→ **Activity**
Please state the number of lines in the entries below where the word "Steel" appears. Include nothing else.

[Source data]

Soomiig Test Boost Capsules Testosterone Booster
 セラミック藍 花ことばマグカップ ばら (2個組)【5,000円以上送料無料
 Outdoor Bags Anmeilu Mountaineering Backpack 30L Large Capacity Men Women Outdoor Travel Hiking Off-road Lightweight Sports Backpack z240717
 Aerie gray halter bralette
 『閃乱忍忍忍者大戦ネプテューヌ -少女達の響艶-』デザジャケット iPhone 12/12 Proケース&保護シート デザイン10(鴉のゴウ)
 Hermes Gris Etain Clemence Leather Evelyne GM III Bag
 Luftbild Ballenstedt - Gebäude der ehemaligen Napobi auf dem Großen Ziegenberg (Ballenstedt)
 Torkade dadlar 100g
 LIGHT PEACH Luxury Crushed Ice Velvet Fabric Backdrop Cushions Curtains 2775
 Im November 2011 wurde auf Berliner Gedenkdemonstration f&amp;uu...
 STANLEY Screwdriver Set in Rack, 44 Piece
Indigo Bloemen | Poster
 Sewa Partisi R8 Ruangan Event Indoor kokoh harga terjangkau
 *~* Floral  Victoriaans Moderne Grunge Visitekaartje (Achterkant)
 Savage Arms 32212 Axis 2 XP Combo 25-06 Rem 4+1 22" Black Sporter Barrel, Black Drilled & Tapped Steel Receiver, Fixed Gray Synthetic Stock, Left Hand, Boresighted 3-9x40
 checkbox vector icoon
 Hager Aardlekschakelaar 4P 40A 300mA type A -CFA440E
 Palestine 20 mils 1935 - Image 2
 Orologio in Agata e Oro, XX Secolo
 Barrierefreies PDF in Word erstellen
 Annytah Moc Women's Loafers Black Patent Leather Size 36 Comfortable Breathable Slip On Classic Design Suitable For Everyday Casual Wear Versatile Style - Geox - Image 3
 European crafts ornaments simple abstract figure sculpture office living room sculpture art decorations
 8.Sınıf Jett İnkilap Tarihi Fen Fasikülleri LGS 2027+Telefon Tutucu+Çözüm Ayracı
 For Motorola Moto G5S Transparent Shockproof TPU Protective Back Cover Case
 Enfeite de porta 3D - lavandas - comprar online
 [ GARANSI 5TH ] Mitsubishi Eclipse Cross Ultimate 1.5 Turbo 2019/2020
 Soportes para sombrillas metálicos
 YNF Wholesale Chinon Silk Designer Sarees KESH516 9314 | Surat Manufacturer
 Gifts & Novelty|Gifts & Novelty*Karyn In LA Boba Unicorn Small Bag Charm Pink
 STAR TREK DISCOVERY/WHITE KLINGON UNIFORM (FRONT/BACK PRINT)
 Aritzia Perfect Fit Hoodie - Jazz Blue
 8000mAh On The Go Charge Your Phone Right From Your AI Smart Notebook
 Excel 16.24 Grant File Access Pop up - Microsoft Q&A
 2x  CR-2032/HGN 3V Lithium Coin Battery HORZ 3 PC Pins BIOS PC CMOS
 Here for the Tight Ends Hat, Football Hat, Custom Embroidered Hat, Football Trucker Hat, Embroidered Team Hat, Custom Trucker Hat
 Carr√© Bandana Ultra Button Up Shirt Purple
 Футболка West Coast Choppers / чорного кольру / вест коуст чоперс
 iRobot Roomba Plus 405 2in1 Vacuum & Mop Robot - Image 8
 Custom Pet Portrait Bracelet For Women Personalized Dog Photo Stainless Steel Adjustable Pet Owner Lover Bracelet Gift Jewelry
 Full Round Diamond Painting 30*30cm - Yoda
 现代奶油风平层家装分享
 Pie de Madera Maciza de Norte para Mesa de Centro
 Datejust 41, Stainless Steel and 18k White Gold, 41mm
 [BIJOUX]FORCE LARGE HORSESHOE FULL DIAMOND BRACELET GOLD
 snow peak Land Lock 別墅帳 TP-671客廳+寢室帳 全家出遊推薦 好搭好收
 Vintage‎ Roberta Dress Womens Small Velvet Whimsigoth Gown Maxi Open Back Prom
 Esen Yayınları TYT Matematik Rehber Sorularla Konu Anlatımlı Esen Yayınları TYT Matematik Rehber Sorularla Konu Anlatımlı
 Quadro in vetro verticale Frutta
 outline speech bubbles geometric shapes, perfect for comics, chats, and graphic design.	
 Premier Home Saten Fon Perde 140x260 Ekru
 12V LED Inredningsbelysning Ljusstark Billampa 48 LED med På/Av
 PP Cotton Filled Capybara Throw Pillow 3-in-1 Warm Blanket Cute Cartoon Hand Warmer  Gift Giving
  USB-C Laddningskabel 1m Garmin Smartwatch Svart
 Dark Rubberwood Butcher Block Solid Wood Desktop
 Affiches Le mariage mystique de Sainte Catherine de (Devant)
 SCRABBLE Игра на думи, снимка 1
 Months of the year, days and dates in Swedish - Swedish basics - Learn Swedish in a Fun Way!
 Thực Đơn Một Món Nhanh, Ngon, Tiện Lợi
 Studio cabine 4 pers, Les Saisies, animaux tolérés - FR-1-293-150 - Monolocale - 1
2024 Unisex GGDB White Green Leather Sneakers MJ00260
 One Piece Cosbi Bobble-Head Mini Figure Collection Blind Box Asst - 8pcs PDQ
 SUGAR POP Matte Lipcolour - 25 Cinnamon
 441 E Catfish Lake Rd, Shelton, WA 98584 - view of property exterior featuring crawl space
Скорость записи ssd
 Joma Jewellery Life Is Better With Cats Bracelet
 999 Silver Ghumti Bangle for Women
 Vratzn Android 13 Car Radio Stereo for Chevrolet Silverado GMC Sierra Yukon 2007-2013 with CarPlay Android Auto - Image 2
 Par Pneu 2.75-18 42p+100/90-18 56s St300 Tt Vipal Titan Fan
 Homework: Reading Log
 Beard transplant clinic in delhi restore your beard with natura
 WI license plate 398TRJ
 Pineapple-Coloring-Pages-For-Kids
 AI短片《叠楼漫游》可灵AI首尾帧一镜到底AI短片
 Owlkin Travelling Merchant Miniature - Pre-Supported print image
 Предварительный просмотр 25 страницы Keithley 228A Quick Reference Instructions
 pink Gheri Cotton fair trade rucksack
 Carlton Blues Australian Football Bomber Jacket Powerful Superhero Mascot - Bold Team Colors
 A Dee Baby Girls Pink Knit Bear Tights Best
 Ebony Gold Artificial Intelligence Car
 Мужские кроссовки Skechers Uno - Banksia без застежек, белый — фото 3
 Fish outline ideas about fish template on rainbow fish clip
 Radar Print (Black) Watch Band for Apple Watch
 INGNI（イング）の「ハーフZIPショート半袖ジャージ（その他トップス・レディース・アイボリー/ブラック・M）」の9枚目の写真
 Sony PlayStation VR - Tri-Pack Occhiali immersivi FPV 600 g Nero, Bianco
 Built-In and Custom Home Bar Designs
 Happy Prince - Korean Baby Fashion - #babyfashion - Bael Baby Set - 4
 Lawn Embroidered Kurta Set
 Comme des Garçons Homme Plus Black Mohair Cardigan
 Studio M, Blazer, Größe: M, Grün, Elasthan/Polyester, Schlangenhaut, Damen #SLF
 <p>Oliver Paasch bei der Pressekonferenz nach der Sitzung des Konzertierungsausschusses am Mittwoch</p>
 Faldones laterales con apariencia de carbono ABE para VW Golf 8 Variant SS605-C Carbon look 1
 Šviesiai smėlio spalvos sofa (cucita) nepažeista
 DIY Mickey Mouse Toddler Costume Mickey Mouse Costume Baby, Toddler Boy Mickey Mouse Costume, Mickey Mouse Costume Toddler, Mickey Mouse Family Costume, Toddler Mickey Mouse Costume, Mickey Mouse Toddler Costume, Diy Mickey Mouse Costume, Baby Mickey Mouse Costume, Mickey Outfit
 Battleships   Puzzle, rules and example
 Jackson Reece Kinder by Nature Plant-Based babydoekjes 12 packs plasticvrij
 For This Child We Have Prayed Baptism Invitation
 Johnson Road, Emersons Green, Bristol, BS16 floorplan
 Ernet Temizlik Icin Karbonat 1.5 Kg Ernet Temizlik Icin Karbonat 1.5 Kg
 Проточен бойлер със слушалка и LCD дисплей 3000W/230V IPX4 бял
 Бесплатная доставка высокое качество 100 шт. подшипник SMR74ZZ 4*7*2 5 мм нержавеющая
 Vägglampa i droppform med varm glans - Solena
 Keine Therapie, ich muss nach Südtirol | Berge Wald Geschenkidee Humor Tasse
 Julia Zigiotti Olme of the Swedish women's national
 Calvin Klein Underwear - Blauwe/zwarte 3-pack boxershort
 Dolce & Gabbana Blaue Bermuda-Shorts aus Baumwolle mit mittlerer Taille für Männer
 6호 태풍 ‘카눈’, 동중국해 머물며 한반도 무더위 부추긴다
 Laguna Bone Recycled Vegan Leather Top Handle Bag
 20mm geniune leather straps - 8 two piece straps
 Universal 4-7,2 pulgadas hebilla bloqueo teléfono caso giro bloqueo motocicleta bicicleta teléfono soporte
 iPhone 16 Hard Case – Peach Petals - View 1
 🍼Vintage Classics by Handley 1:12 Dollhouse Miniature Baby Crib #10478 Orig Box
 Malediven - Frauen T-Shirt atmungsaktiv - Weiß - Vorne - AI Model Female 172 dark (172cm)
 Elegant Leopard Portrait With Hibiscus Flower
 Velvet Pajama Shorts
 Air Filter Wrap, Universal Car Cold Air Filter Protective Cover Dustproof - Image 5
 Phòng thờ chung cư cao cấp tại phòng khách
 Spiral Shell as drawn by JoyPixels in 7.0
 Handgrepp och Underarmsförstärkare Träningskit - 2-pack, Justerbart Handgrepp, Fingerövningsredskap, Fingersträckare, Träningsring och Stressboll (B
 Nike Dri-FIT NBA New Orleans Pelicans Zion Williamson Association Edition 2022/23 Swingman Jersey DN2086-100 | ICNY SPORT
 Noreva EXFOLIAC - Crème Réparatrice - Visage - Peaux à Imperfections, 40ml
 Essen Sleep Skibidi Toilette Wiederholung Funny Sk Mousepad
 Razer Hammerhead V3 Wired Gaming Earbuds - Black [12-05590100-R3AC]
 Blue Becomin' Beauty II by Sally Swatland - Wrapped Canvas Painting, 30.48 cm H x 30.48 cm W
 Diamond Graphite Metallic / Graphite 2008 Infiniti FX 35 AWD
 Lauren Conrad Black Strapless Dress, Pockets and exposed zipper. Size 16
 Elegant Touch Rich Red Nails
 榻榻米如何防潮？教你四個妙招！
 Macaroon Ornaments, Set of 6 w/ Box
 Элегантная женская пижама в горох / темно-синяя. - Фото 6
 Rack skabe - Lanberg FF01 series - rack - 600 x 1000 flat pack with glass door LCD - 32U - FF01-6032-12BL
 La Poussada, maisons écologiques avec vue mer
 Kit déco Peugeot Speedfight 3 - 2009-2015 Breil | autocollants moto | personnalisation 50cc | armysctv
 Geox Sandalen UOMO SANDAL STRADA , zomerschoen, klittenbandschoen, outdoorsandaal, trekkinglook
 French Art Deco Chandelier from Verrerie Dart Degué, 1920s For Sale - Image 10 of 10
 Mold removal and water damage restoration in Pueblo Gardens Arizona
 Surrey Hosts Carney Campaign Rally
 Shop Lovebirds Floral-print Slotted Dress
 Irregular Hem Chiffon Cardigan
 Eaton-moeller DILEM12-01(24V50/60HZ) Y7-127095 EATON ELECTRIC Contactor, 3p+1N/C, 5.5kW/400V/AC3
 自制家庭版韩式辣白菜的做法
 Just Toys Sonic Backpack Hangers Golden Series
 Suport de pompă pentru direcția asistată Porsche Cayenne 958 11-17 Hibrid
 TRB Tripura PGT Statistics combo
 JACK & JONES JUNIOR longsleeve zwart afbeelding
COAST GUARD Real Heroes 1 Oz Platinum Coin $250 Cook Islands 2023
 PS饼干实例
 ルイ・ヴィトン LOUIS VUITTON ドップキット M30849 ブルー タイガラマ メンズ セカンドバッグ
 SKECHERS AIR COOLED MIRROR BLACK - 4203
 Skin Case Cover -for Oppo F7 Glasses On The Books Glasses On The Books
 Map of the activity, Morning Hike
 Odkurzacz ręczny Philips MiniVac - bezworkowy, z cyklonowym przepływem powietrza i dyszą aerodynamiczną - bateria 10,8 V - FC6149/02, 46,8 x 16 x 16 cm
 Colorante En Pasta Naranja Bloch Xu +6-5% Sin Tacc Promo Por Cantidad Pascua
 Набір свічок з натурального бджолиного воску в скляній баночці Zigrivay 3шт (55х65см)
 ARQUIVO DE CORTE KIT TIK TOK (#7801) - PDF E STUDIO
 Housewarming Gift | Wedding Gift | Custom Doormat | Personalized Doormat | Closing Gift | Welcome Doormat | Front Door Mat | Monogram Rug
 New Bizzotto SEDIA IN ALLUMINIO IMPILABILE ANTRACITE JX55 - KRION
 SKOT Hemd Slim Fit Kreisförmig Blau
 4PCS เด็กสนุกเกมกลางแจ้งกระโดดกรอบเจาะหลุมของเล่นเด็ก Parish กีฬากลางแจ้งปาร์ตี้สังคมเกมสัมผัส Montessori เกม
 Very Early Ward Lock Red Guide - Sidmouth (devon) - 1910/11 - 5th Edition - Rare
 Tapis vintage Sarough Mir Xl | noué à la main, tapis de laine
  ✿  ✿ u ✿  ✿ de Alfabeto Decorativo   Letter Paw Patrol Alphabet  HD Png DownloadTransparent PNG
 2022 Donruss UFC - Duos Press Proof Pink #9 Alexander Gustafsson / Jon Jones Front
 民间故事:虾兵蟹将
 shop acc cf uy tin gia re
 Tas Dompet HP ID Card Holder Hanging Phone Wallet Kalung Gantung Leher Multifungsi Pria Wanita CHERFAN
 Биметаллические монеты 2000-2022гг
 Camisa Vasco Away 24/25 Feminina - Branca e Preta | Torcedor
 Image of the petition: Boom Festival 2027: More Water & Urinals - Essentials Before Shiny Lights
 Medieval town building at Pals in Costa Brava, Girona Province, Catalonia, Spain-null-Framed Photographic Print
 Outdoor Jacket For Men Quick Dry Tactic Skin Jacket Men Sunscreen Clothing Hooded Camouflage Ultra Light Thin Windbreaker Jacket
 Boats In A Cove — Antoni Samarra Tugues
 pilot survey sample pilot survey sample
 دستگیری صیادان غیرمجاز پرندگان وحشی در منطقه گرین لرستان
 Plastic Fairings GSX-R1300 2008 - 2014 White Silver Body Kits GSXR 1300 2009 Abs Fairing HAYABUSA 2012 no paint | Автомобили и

[/Source data]

→ **Task solution**
3